[Task requirements]:
Could you give back every record below exactly, leaving out the pictures?
____________
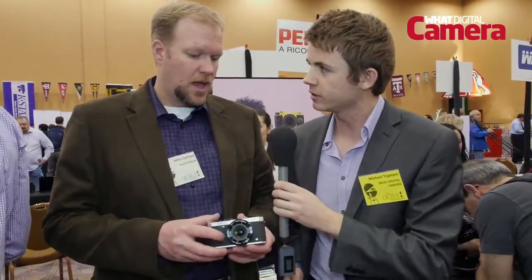Could you just lastly tell us a little bit about the pricing and availability of the camera please? This was introduced today, should be available in early February for a retail price of $499. Well thank you John, that's really interesting information there about Pentax's MX-1. Check back to whatdigitalcamera.com for all the latest news at CES.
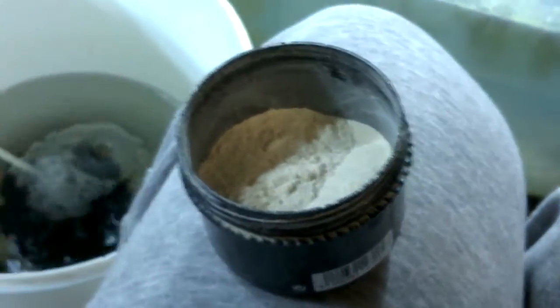And this is what it looks like. Just looks like a powder to me.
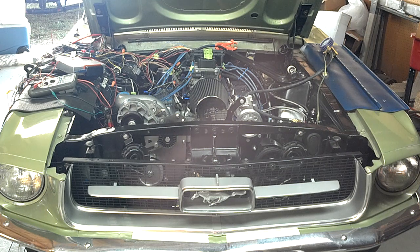This is the first startup of my '67 Mustang with EFI conversion. I'm running EDIS 8 distributorless ignition and a 302 with 351 Cleveland heads, a custom intake with injector bungs, and a Vortec S-Trim supercharger. The supercharger isn't hooked up right now — I just want to test fire the engine and verify that all the wiring is correct.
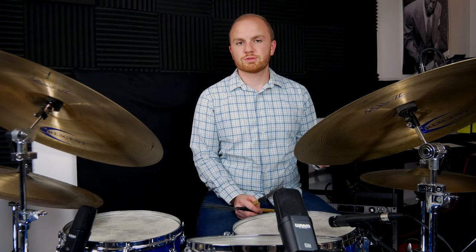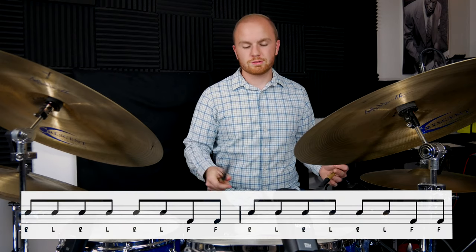You can also use this as eighth notes or sixteenth notes, but personally I like it in triplets because that's what I heard Sonny Payne do. Here it is as eighth notes: one, two, three, four.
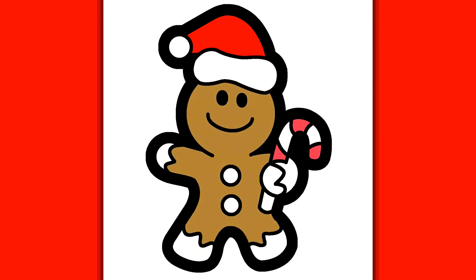I decided to color the Christmas head red, leaving the rest of it white. The candy cane red as well, and for the body a brownish color. For the buttons I picked some green.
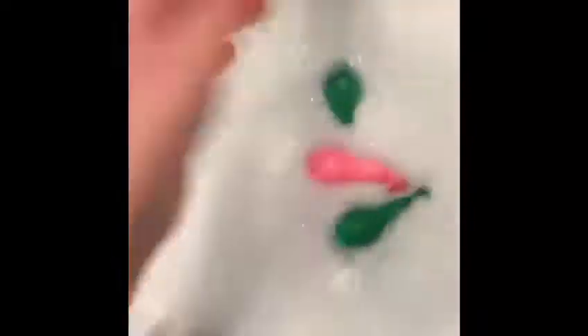Then you will need to fill up the water and add in soap. And now put the balloons in and let them sit for — or maybe 2 to 4 minutes.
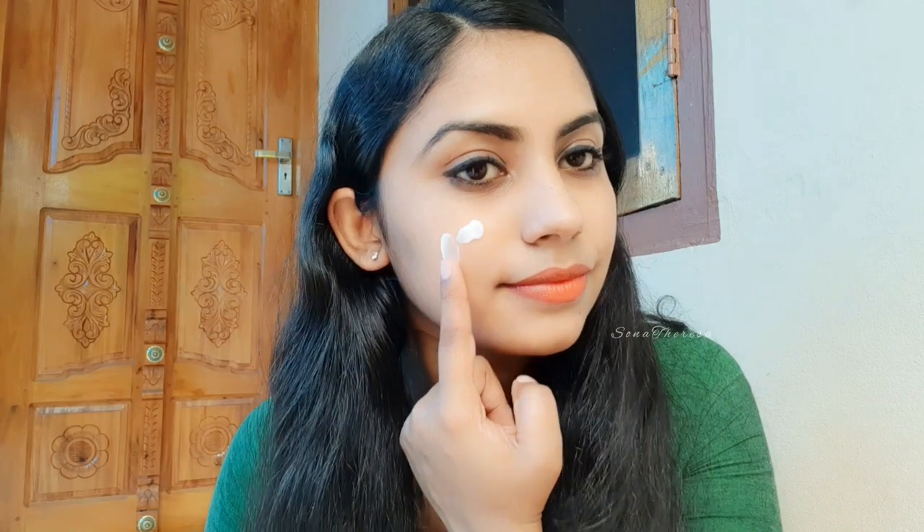This product is a white color formula for a light finish. Apply it to the face. You can apply it as a full sunscreen, covering all your skin.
____________
[Result of the exercise]:
Could you just lastly tell us a little bit about the pricing and availability of the camera please? This was introduced today, should be available in early February for a retail price of $499. Well thank you John, that's really interesting information there about Pentax's MX-1. Check back to whatdigitalcamera.com for all the latest news at CES.
And this is what it looks like. Just looks like a powder to me.
This is the first startup of my '67 Mustang with EFI conversion. I'm running EDIS 8 distributorless ignition and a 302 with 351 Cleveland heads, a custom intake with injector bungs, and a Vortec S-Trim supercharger. The supercharger isn't hooked up right now — I just want to test fire the engine and verify that all the wiring is correct.
You can also use this as eighth notes or sixteenth notes, but personally I like it in triplets because that's what I heard Sonny Payne do. Here it is as eighth notes: one, two, three, four.
I decided to color the Christmas head red, leaving the rest of it white. The candy cane red as well, and for the body a brownish color. For the buttons I picked some green.
Then you will need to fill up the water and add in soap. And now put the balloons in and let them sit for — or maybe 2 to 4 minutes.
This product is a white color formula for a light finish. Apply it to the face. You can apply it as a full sunscreen, covering all your skin.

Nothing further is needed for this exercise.